Exercise requirements:
Start with the first line of the records below. Output each line exactly, ending with the one that contains "a white table".

Given entries:
-.-.-

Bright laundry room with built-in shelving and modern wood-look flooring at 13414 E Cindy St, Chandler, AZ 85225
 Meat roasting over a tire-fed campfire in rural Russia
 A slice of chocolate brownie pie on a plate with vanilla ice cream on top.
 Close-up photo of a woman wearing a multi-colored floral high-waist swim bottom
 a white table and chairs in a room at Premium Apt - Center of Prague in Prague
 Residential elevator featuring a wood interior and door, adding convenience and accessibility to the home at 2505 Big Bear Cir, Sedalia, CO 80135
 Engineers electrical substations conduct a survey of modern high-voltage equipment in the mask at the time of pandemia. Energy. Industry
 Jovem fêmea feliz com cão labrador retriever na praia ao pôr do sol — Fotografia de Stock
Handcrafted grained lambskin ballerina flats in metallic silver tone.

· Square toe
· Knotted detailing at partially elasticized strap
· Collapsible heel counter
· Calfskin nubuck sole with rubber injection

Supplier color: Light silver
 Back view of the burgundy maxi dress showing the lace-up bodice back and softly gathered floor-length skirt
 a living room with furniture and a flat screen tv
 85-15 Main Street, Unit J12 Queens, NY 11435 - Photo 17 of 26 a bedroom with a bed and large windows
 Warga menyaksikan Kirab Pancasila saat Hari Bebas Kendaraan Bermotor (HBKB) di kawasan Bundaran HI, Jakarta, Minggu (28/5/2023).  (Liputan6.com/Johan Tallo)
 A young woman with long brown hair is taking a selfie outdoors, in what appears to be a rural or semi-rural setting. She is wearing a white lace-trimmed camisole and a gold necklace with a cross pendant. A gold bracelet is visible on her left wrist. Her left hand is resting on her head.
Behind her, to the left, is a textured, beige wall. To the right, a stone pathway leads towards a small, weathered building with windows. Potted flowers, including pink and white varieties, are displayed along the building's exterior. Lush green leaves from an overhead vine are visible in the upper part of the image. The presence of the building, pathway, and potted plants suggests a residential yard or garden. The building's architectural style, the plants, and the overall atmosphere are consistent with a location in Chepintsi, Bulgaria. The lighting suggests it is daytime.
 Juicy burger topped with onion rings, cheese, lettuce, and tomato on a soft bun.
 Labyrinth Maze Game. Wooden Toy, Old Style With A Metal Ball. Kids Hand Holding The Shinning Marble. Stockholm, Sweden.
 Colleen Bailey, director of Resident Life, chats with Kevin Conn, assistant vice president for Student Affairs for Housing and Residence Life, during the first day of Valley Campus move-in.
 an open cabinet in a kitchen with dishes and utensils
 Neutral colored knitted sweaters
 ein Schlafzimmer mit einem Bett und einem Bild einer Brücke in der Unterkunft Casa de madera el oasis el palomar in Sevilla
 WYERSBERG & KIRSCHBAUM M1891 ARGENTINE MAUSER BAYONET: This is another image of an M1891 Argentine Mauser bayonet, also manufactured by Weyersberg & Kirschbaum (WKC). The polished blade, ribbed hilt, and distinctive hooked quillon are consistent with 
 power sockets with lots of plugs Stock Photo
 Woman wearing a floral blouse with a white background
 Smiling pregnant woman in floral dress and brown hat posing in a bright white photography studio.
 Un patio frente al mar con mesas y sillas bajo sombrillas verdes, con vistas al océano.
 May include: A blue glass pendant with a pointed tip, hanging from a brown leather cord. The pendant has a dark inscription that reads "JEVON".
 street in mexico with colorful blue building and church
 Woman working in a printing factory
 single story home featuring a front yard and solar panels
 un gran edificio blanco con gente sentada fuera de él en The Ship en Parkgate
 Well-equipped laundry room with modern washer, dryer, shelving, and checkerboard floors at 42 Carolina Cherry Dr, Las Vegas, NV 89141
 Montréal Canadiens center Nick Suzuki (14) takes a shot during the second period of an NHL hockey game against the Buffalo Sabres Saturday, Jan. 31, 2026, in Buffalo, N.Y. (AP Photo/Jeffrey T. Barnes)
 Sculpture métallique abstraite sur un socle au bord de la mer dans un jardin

-.-.-

Response for this exercise:
Bright laundry room with built-in shelving and modern wood-look flooring at 13414 E Cindy St, Chandler, AZ 85225
 Meat roasting over a tire-fed campfire in rural Russia
 A slice of chocolate brownie pie on a plate with vanilla ice cream on top.
 Close-up photo of a woman wearing a multi-colored floral high-waist swim bottom
 a white table and chairs in a room at Premium Apt - Center of Prague in Prague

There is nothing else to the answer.